Le diocèse de Cahors était alors beaucoup plus grand qu’aujourd’hui (jusqu’à Montauban) : 800 paroisses, 900 prêtres, mais beaucoup ignorants et peu zélés, 300 religieux.
Le peuple, peu instruit, n’avait souvent que des églises ruinées, sans ornements, sans vases sacrés. Le concile de Trente (1545-1563) sut enfin répondre aux besoins par une doctrine claire et rassurante. Louis XIII, authentiquement pieux, possédait les clés de la reconstruction de l’Eglise de France, puisque le roi choisissait les évêques, seuls capables de faire passer les décrets du Concile dans les faits.
Alain de Solminihac, réformateur de l’abbaye de Chancelade en Périgord et pour cela remarqué par Richelieu, reçut, bien malgré lui, le diocèse de Cahors.
Restaurer, instruire, visiter
Dès son arrivée, Alain imposa le retour aux offices dominicaux réguliers et l’adoption du missel romain. Des missions réveillèrent la foi et un catéchisme diocésain en occitan fut distribué.
Lui-même parcourut son diocèse 9 fois, visitant toutes les paroisses qui n’avaient pas vu d’évêque depuis 50 ans. A chaque fois il prêchait, confessait, administrait la Confirmation, consacrait les églises, bénissait les cimetières, chassant le vice sans complaisance pour quiconque.
Alain consacra le ressources de sa charge à équiper les églises en retables, en calices, ciboires, tabernacles, tableaux. Lui-même, refusant de quitter ses habits monastiques, continuait à mener une vie de prière et de privations, très édifiante.
L’évêque et son clergé
L’usage du temps voulait que les titulaires des cures de paroisse soient souvent choisis par les familles seigneuriales, les chapitres de chanoine... qui ne les donnaient pas forcément aux plus dignes. Ceux-là percevaient les revenus et confiaient les tâches spirituelles à des vicaires peu instruits ou étrangers au diocèse, mal payés et peu zélés !

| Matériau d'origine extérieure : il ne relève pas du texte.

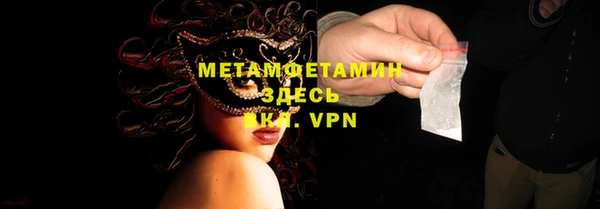 кокаин колумбия Нягань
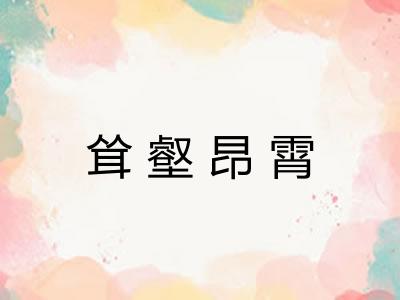 耸壑昂霄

Intransigeant, Alain fixa des règles strictes pour la "mise à niveau théologique" au cours de sessions mensuelles, pour l’obligation de costume ecclésiastique et pour la dignité de vie. Mais surtout il établit en 1643 un séminaire près de St Barthélémy à Cahors encadré par les Lazaristes qu’il obtint de son ami Vincent de Paul. En 1659, 60 jeunes gens y étudiaient. Ainsi les prêtres purent-ils, avec avantage, tenir tête aux pasteurs réformés, ce qui fit grandir le nombre d’abjurations.

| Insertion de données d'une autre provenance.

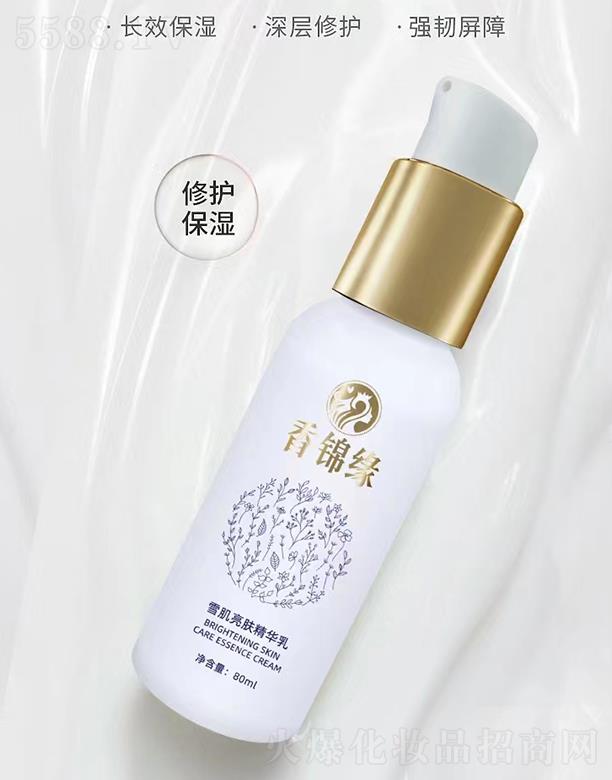 \ѩwҺ 80mlӌˮ澏(qing)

L’évêque et les drames de son temps
Baron et comte de sa ville depuis des siècles, l’évêque de Cahors avait alors des responsabilités "civiles". Alain les assuma en consacrant ses ressources à lutter contre la misère (nouvel hôpital, deux orphelinats), contre la peste qui frappa le Quercy en 1652.
Il distribuait argent, blé, remèdes et confessait lui-même les malades reclus. Il intervint aussi contre deux fléaux, l’usure, fille de la pénurie et de la misère et les duels qui décimaient les familles. Sa fidélité au Roi contre les rebelles de la Fronde lui valut les remerciements de Mazarin.

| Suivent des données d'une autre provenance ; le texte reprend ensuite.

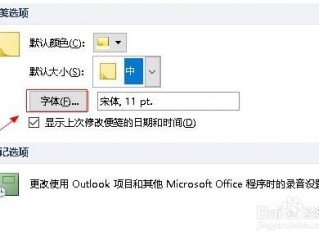 outlook2007 设置，outlook2007怎么设置仿宋GB2312字体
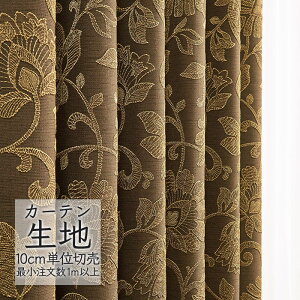 J[en ؂蔄 VR[ melodia GKg h[v uJg ML-1050 i1mȏ10cmPʁj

Le rayonnement d’Alain de Solminihac
La poursuite des abus, la raideur de son caractère lui firent beaucoup d’ennemis très bien placés mais la faveur de la régente Anne d’Autriche le sauva de la disgrâce.
Il fut admiré et consulté par ses frères dans l’épiscopat et sa réputation s’établit jusqu’à Rome. L’œuvre dépasse largement le temps de l’épiscopat achevé le 31 décembre 1659, à la mort d’Alain épuisé à la tâche.
Avec François de Sales et Vincent de Paul, il figure parmi les plus grands acteurs de la Réforme catholique dans le royaume. Proclamé rapidement vénérable, il a été béatifié le 4 octobre 1981 par Jean-Paul II.
Son reliquaire, œuvre de l’orfèvre contemporain Goudji et offert par Mgr Gaidon, est visible dans une chapelle de gauche de la cathédrale, derrière le chœur.